Case ID: f_130/html/0111-01.html
Source: Caselaw Access Project
Author: {"author": "PER CURIAM.", "license": "Public Domain", "url": "https://static.case.law/"}
Date Created: 2024-08-24T03:29:51.129683

THE MINNEAPOLIS.
    (Circuit Court of Appeals, Second Circuit.
    March 4, 1904.)
    No. 108.
    1. Collision — Ship Making Berth — Refusal of Small Boat to Give Way.
    A barge lying at the end of a pier in New York, although rightfully there, which refused the offer of a steamship to remove her temporarily while the ship was making her berth in an adjacent slip and to return her afterward, took the risk of injury from the docking of the ship if the latter was properly handled, and cannot recover therefor without proving fault.
    Appeal from the District Court of the United States for the Southern District of New York.
    The following is the opinion of the court below (Holt, District Judge):
    I think that this case cannot be distinguished from the case of The Etruria (D. C.) 88 Fed. 555.
    The libel should be dismissed, with costs.
    This cause comes here upon appeal from a decree of the District Court, Southern District of New York, dismissing a libel brought to recover damages sustained by the scow Austria, while lying at the end of Pier 37, North river, by reason of coming into contact with the steamship Minneapolis, which was docking at Pier 39.
    Louis B. Adams, for appellant.
    J. Parker Kirlin and John M. Woolsey, for appellee.
    Before LACOMBE, TOWNSEND, and COXE, Circuit Judges.
   PER CURIAM.

There has been a complete failure to establish any of the faults specifically averred in the libel, and we concur with the District Judge in the conclusion that the cause is within the rule laid down in The Etruria (D. C.) 88 Fed. 555. The Austria was not in fault for shifting from the side to the end of Pier 37; she was there for a legitimate purpose, viz., to discharge the stone needed for an extension of that pier.
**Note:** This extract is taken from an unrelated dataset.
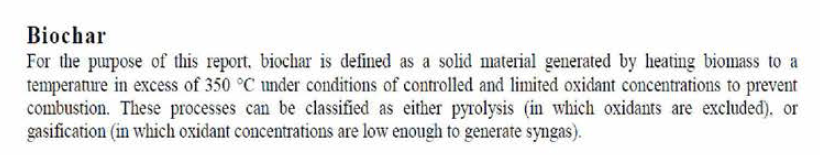 IPCC의 glossary에 수록된 biochar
But we are satisfied that the weight of evidence shows that, at a time early enough to avoid all risk, those who had the berthing of the Minneapolis in charge urged the captain of the scow to shift her position, and proffered the use of one of their tugs to remove her temporarily, with the promise to return her to her old position when the berthing might be completed.

The decree of the District Court is affirmed, with costs.